UPPER EAST SIDE, Manhattan (WABC) -- Shir Dekel worked the coffee machine at Caffé Aronne like a seasoned veteran. However, the truth is this day happened to be her first day on the job.
The 22-year-old politely said "no" to Eyewitness News' request for an interview, so her boss filled in the details to her story.
"She said, 'I just landed in New York this morning. My house was destroyed in Israel two days ago by a rocket," said Caffé Aronne owner Aaron Dahan. "I said, 'Do you know how to make coffee?' She said, 'I've been a barista for five years.' I said you're hired."
25-year-old Aaron Dahan told Eyewitness News that it's been like that all day, people pouring into his Upper East Side café to someway, somehow lend a helping hand.
People like Jacob Ganz of Long Island, who once owned two coffee shops before he became a psychologist and is now volunteering at the shop.

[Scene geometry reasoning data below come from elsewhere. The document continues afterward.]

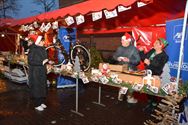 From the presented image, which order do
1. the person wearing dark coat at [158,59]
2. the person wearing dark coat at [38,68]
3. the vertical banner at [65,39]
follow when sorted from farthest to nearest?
the vertical banner at [65,39], the person wearing dark coat at [38,68], the person wearing dark coat at [158,59]

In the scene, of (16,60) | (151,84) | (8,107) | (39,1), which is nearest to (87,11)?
(151,84)

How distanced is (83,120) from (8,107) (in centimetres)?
243

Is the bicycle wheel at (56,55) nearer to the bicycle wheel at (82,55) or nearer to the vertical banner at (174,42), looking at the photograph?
the bicycle wheel at (82,55)

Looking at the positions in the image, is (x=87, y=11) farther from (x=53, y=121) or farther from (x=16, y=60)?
(x=16, y=60)

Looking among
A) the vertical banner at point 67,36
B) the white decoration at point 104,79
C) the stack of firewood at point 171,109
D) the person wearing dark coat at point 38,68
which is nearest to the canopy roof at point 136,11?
the vertical banner at point 67,36

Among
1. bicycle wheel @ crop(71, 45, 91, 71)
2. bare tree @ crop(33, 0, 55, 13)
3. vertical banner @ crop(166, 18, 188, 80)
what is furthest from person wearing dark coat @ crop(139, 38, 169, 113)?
bare tree @ crop(33, 0, 55, 13)

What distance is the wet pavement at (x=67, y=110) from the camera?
5984mm

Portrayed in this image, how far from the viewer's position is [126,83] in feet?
16.4

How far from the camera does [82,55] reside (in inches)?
314

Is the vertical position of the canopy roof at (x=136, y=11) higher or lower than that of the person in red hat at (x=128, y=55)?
higher

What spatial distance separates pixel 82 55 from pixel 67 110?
1.97 meters

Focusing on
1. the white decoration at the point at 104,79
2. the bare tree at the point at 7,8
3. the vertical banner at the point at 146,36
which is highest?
the bare tree at the point at 7,8

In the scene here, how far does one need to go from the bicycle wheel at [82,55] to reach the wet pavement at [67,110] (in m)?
1.14

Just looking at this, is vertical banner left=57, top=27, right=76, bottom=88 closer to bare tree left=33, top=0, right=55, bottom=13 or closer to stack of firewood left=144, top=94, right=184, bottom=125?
stack of firewood left=144, top=94, right=184, bottom=125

"You write letters if you can," said Ganz. "I can't join the army, so I just saw this and it was something that I can do and so I just dropped everything, and I came."
The sudden arrival of a new work force follows what happened on Tuesday, when a social media post mentioned how, in the last 10 days five employees walked off the job in protest of the 'Kidnapped' posters and Israeli flag hanging in the front window.
That viral post quickly generated a line of customers that started on Lexington Avenue and stretched around the corner onto 71st Street.
"I just want to cry," said local customer Janet Goldenberg, who did just that. "How people want to get rid of us. It's unthinkable."